[[ THE DATA, beginning ]]
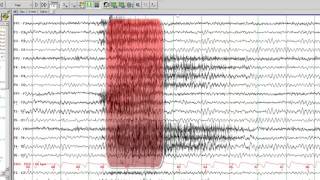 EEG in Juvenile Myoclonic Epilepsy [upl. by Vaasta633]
[[ THE DATA, end ]]
[[ THE DATA, beginning ]]
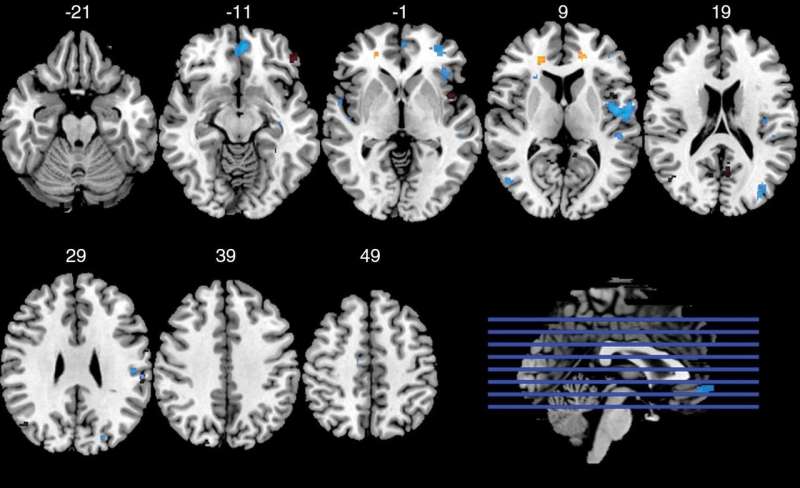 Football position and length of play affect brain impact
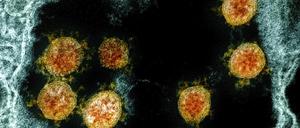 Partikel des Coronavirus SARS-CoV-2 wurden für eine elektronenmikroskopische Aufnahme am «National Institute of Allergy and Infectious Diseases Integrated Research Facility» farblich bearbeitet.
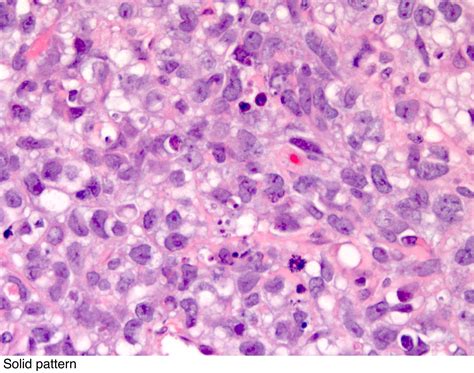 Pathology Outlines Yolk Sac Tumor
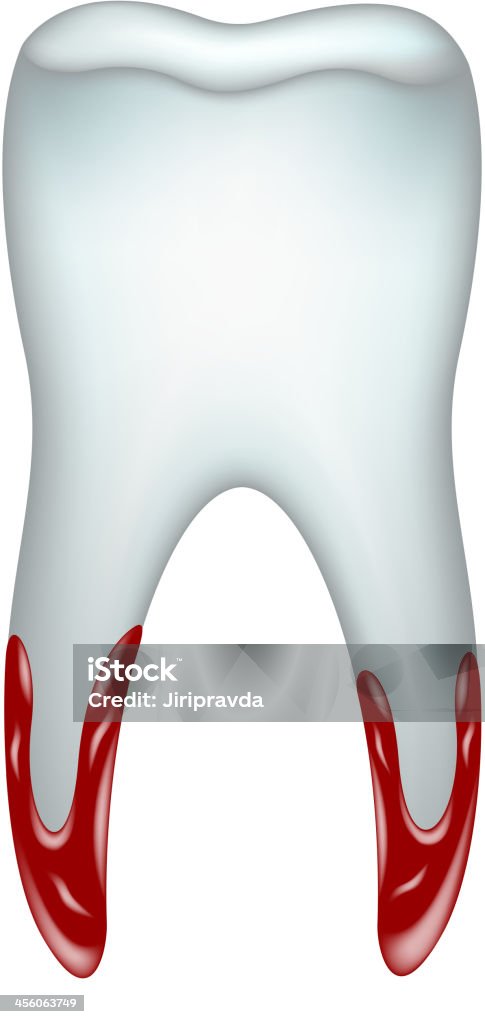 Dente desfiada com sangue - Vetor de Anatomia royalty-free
[[ THE DATA, end ]]
[[ THE DATA, beginning ]]
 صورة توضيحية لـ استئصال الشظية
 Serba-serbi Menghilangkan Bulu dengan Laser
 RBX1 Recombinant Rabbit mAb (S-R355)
[[ THE DATA, end ]]
Pictures in the entries do not go into the copy. Print only the lines starting at the one containing "Partikel des Coronavirus" and ending at the one containing "Dente desfiada com", exactly as they appear.

 Partikel des Coronavirus SARS-CoV-2 wurden für eine elektronenmikroskopische Aufnahme am «National Institute of Allergy and Infectious Diseases Integrated Research Facility» farblich bearbeitet.
 Pathology Outlines Yolk Sac Tumor
 Dente desfiada com sangue - Vetor de Anatomia royalty-free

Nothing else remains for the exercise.